## Calculus: Early Transcendentals 8th Edition

a) $\dfrac{\partial P}{\partial y} = \dfrac{\partial Q}{\partial x}$ b) $\int_C \overrightarrow{F} \cdot \overrightarrow{dr}$ is not independent of path.
Consider $F(x,y)=Pi+Qj$ In order to get the conservative field troughout the domain $D$, we must have the following condition $\dfrac{\partial P}{\partial y}=\dfrac{\partial Q}{\partial x}$ Here, $P$ and $Q$ are the first-order partial derivatives on the domain $D$. Now, $\dfrac{\partial P}{\partial y} = \dfrac{\partial Q}{\partial x}=\dfrac{y^2-x^2}{(x^2+y^2)^2}$ This shows that the vector field $F$ is conservative.

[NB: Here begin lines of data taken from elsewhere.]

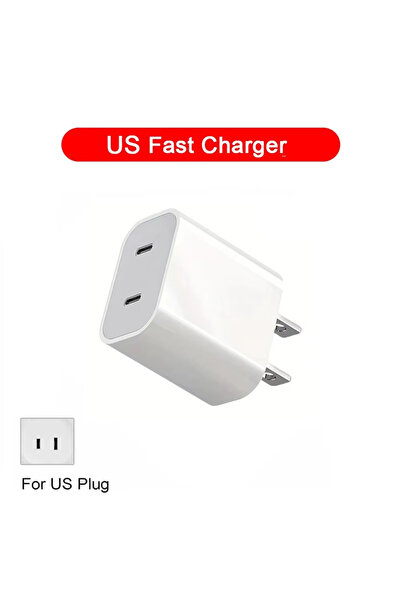 Choice charger cable1m US 20W Double USB C PD Chargeur Charge Rapide USB-C Ty...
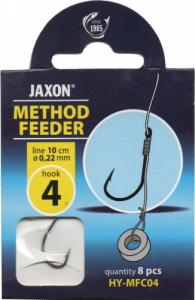 Jaxon Przypon Jaxon Method Feeder MFC #4 0,22 10cm 8szt 1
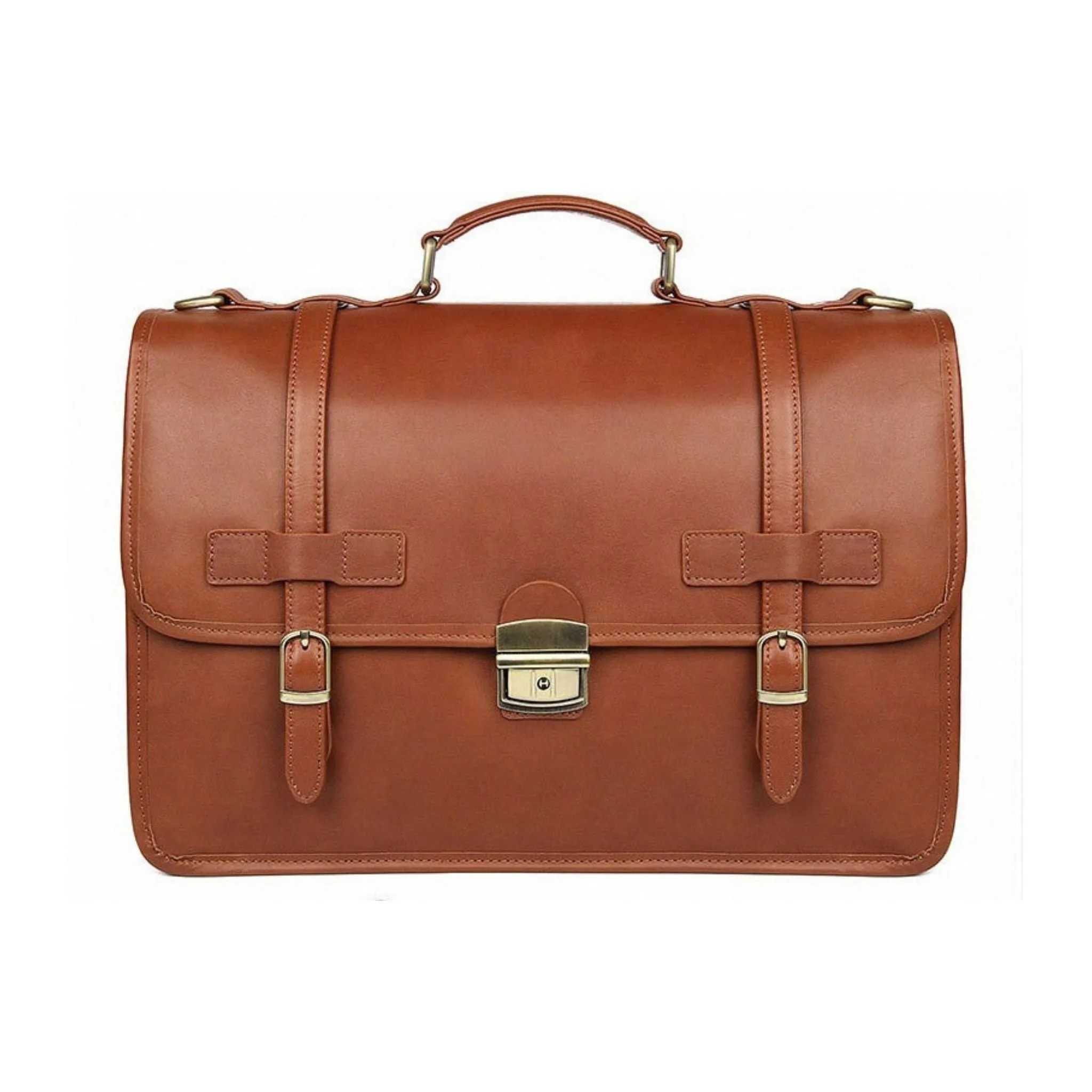 Handmade Full Grain Men's Leather Briefcase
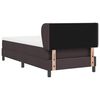 vidaXL Boxspringbett mit Matratze Dunkelbraun 90 x 200 cm Stoff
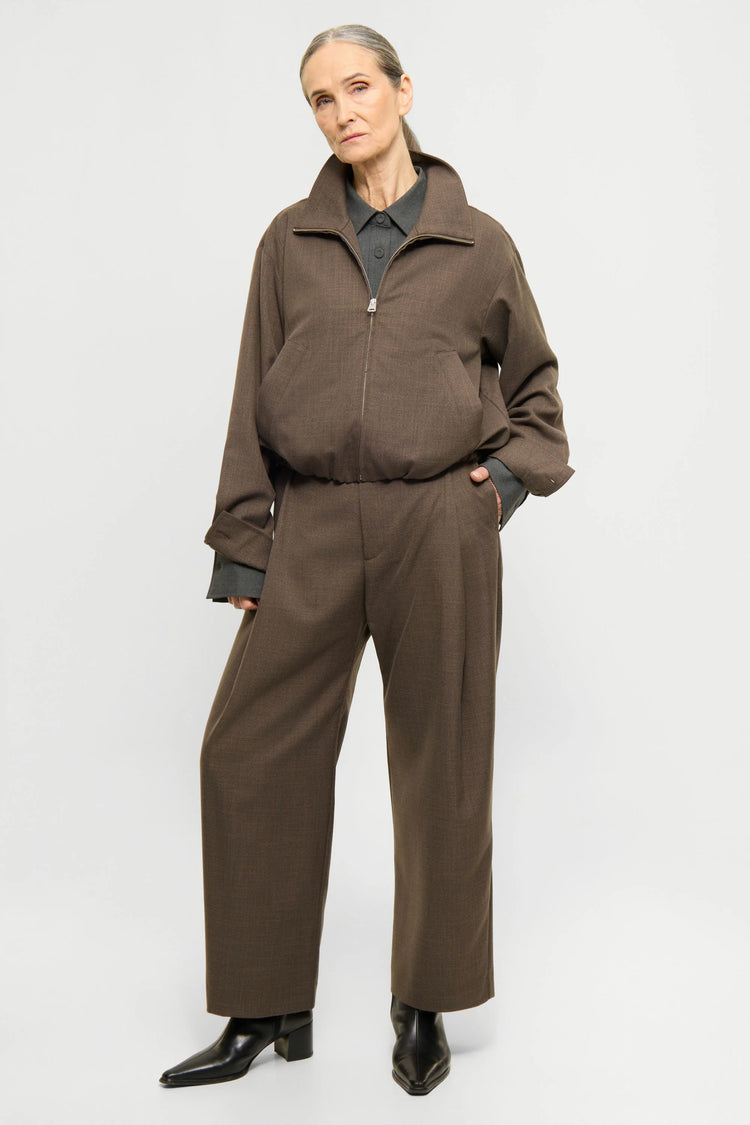Admira womens´s pant - brown melange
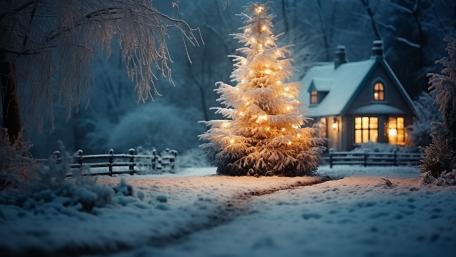 Enchanting Winter Wonderland Glow wallpaper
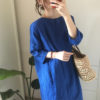 Korean Style Linen Shirt Dress_3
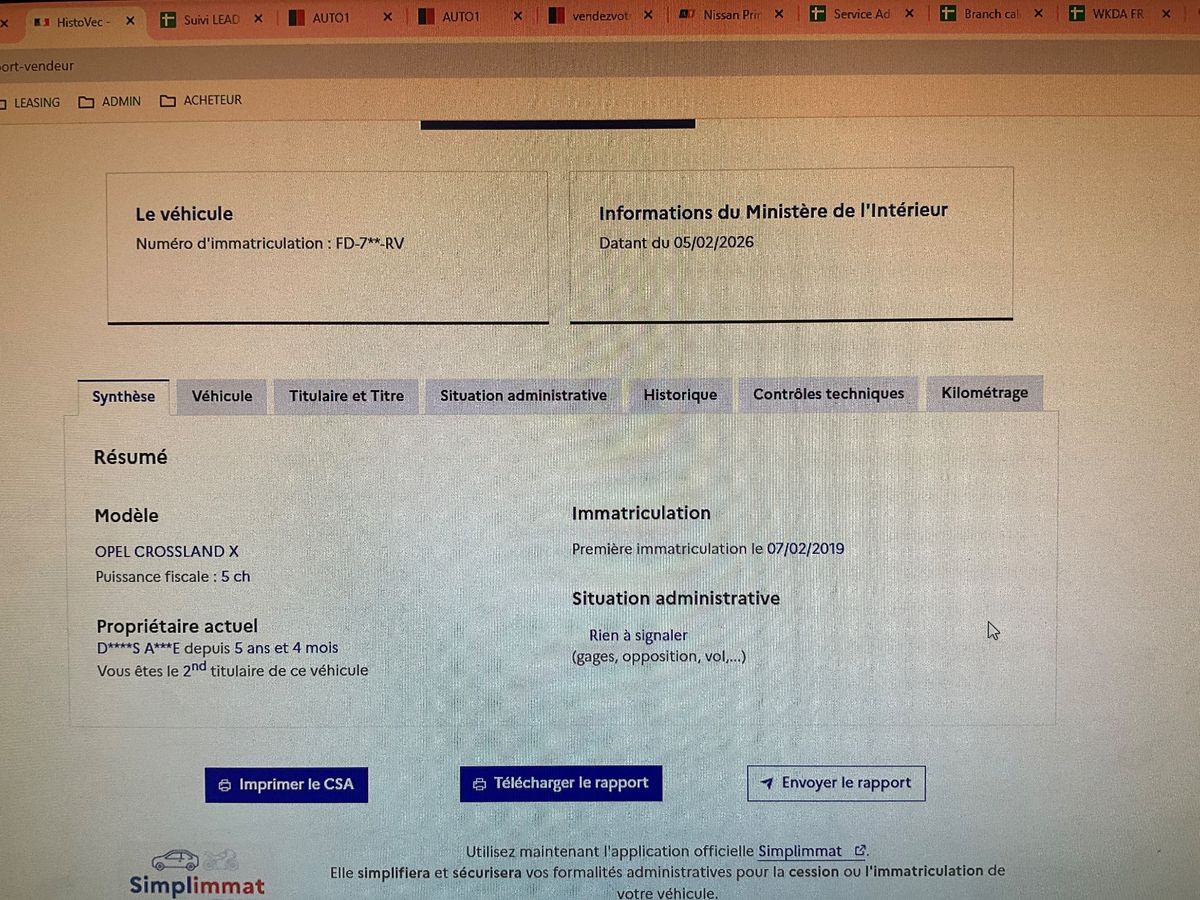 Opel Crossland d'occasion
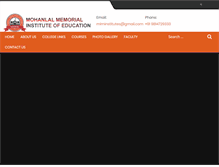 Tablet Screenshot of mlmiedu.com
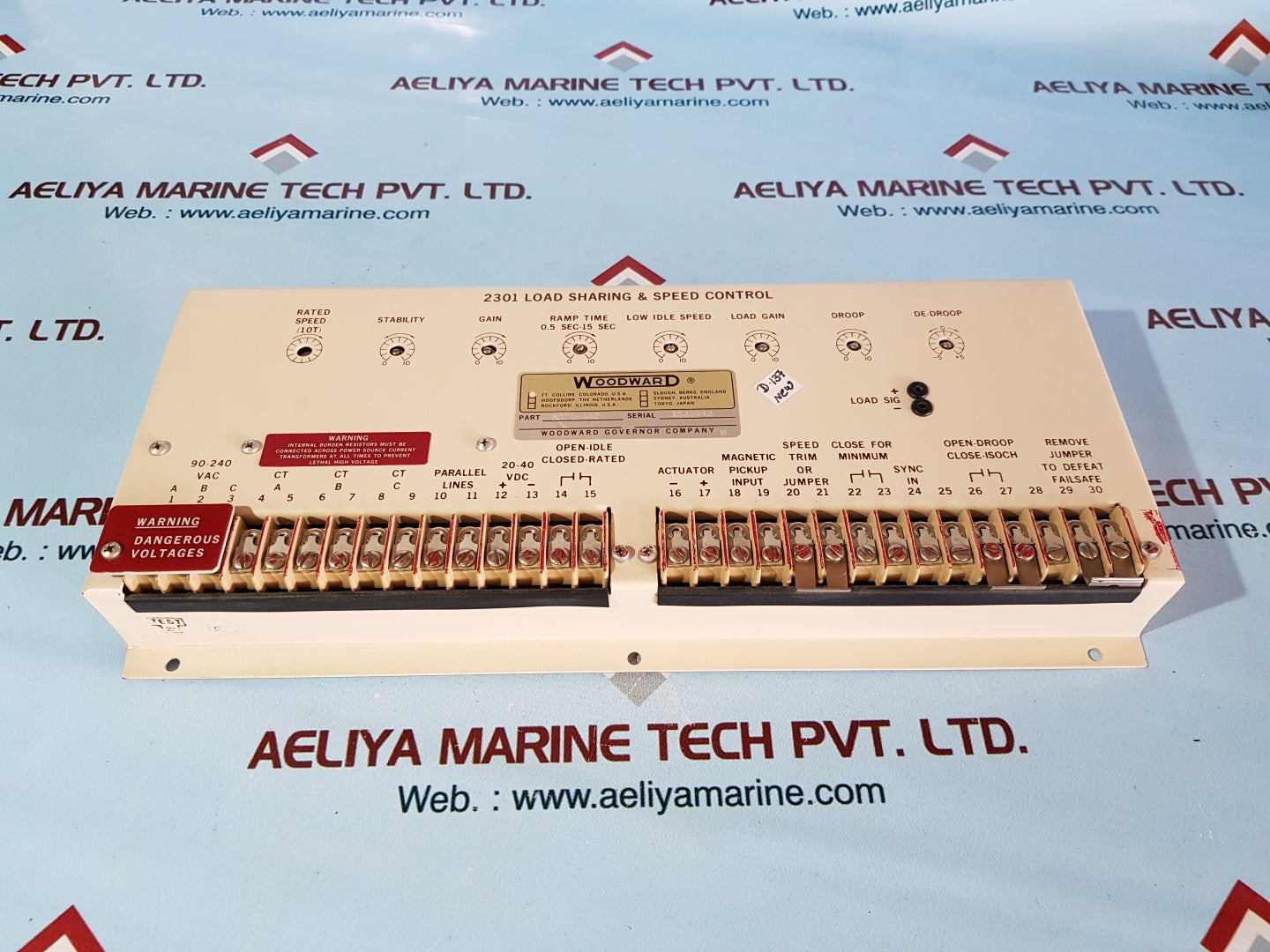 Woodward 8271-442 2301 load sharing & speed control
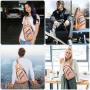 LOVEVOOK Custom Holographic Sling Bag Women Laser Reflective Sling Backpack Small Crossbody Bag Shoulder&Chest Daypack Unisex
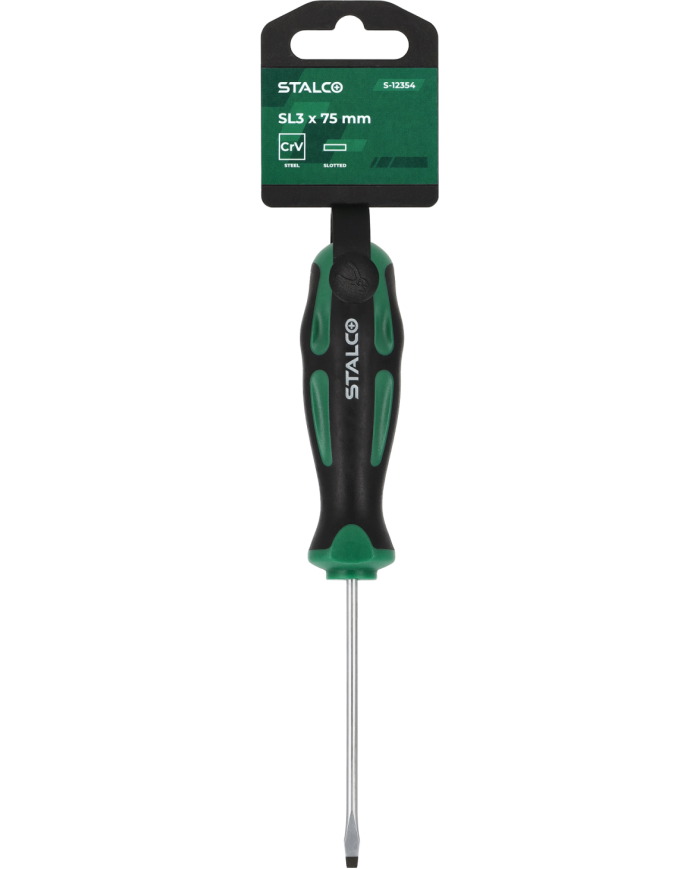 Wkrętak płaski 4x100 mm CrV - Wysoka jakość i trwałość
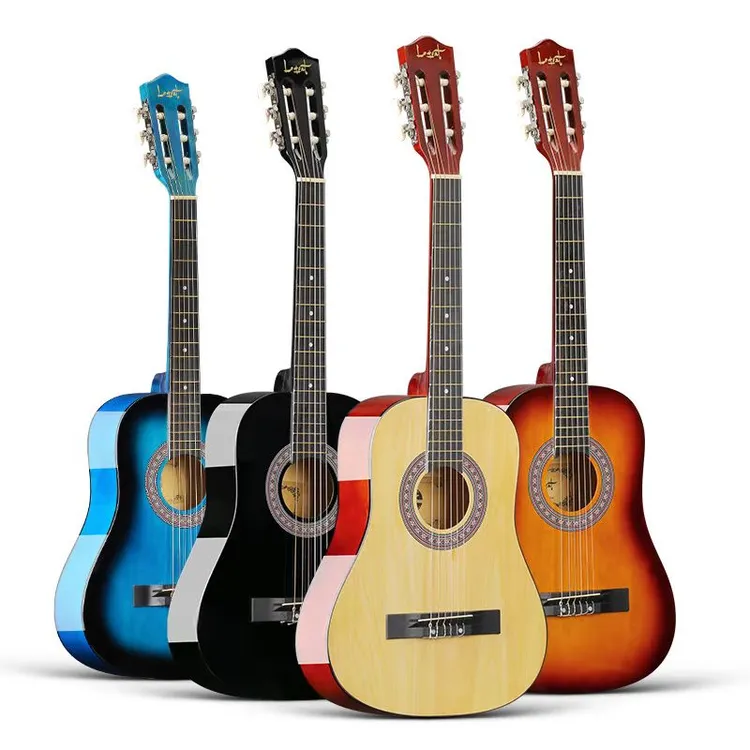 36寸古典吉他30寸中小童吉他新手入门男女学生初学者尼龙弦木吉他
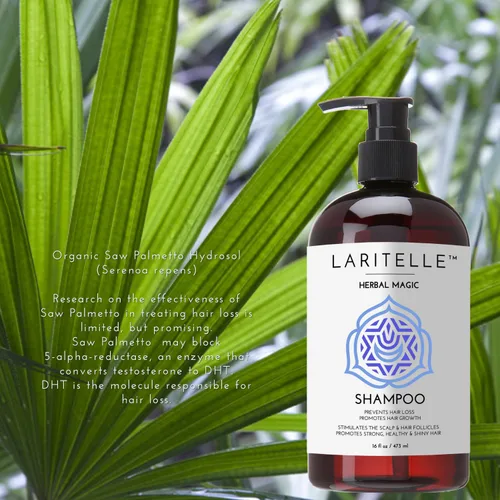Miniatura 4 de Laritelle Cuidado orgánico del cabello, Champú Champú 17.5 onzas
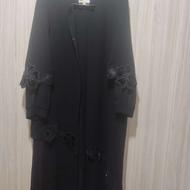 مانتو مزونی مشکی نو بدون هیچ ایرادی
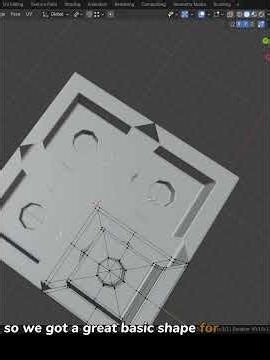 Fast LEGO 3D Modeling: 1x1 to 2x2 #lego #blender #3dprinting #3dmodeling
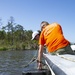 Single Marine Program Volunteer Cleanup at the Gottschalk Marina on Marine Corps Base Camp Lejeune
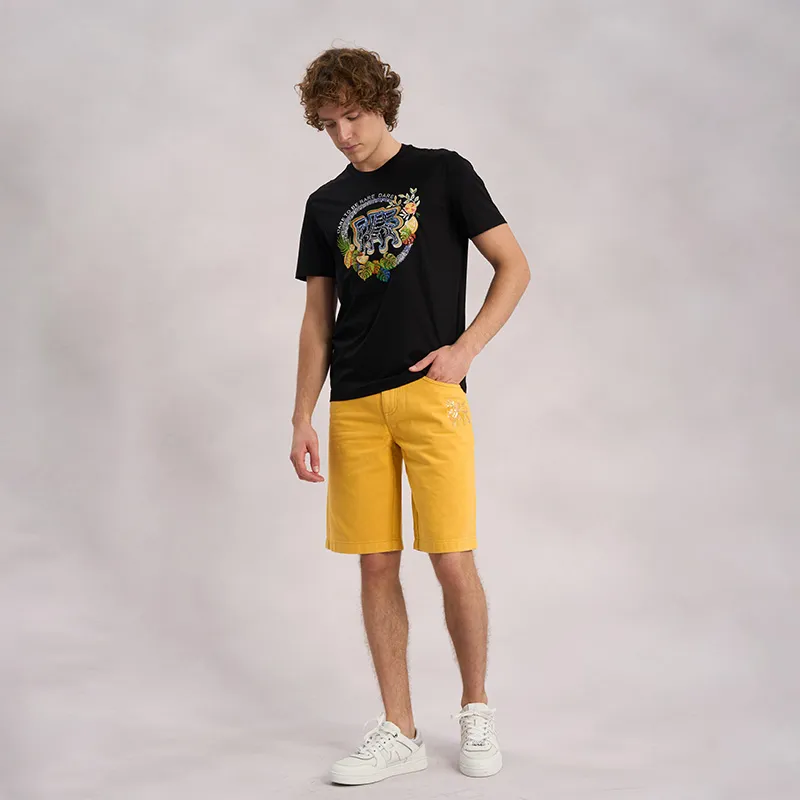 RARE Short Sleeved T Shirts Men's Black-7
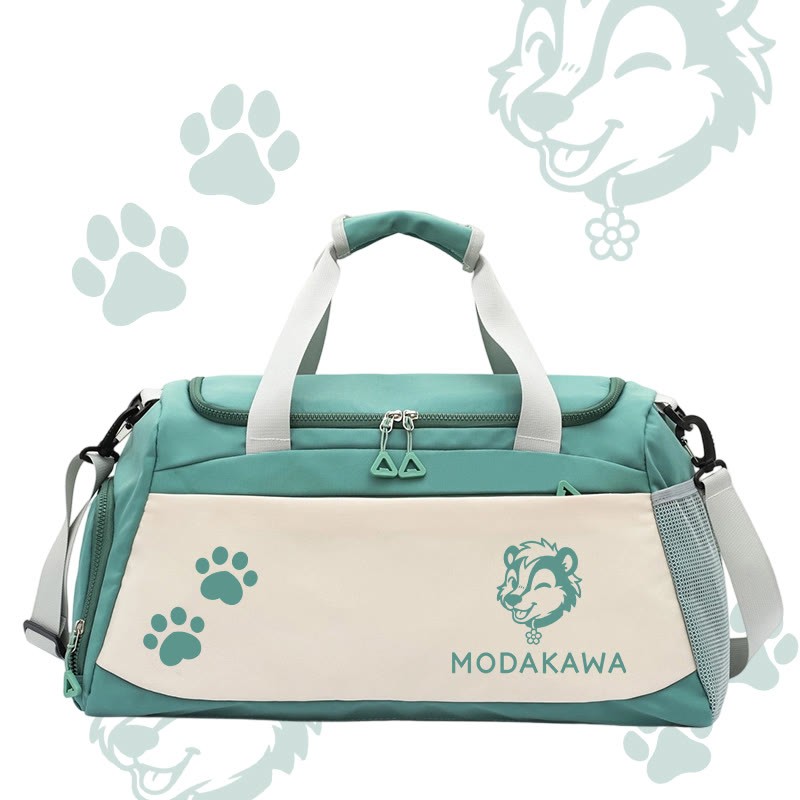 Skunk Graphic Modakawa Large Capacity Sports Gym Duffel Bag - Green - 55*28*26 cm - image 2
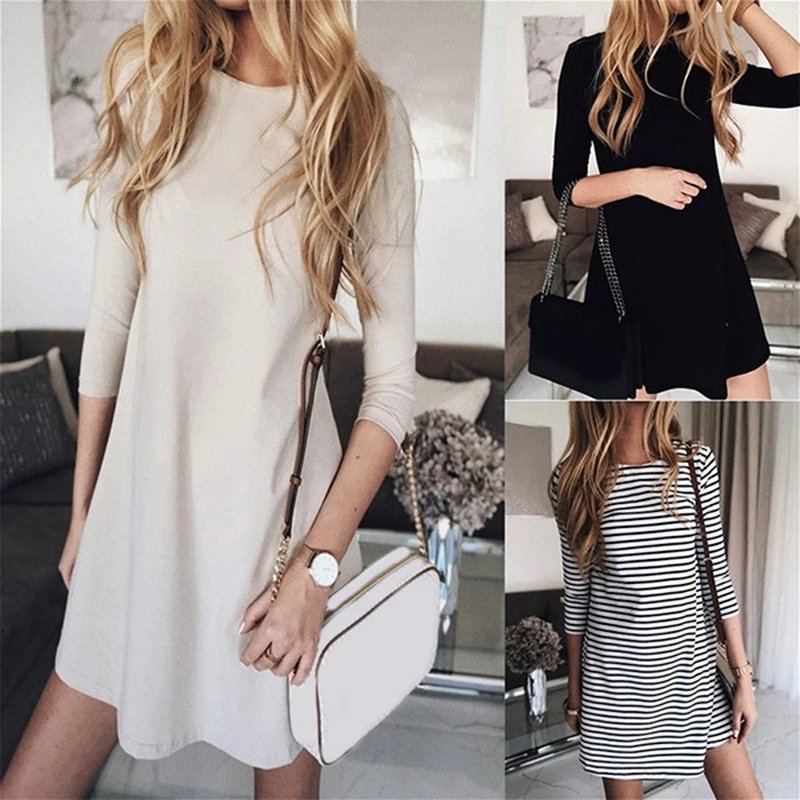 Fashion Womens Short Dress O-Neck Slim Fitness Jumper Party Dress Casual 2022
Fashion Womens Short Dress O-Neck Slim Fitness Jumper Party Dress Casual 2022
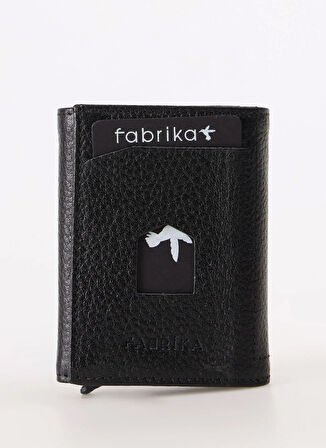 Fabrika Siyah Erkek Cüzdan Frk 357 Flt Deri Siyah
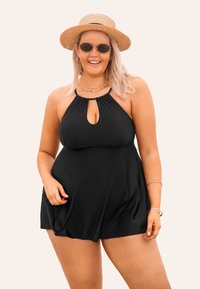 Cupshe HALTER NECK CUTOUT SET - Maillot de bain - black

Hence, $\dfrac{\partial P}{\partial y} = \dfrac{\partial Q}{\partial x}$ b) $\int_{C_1} \overrightarrow{F} \cdot \overrightarrow{dr}=\int_0^{\pi} (-\sin \theta i+\cos \theta j) \cdot (-\sin \theta i+\cos \theta j) d\theta= \int_0^{\pi} (1) d\theta =\pi$ and $\int_{C_2} \overrightarrow{F} \cdot \overrightarrow{dr}=\int_0^{-\pi} [-\sin \theta i+\cos \theta j] \cdot [-\sin \theta i+\cos \theta j] d\theta= \int_0^{-\pi} (1) d\theta =-\pi$ Here, we can see that the two integrals are different. Therefore, the line integral $\int_C \overrightarrow{F} \cdot \overrightarrow{dr}$ is not independent of the path.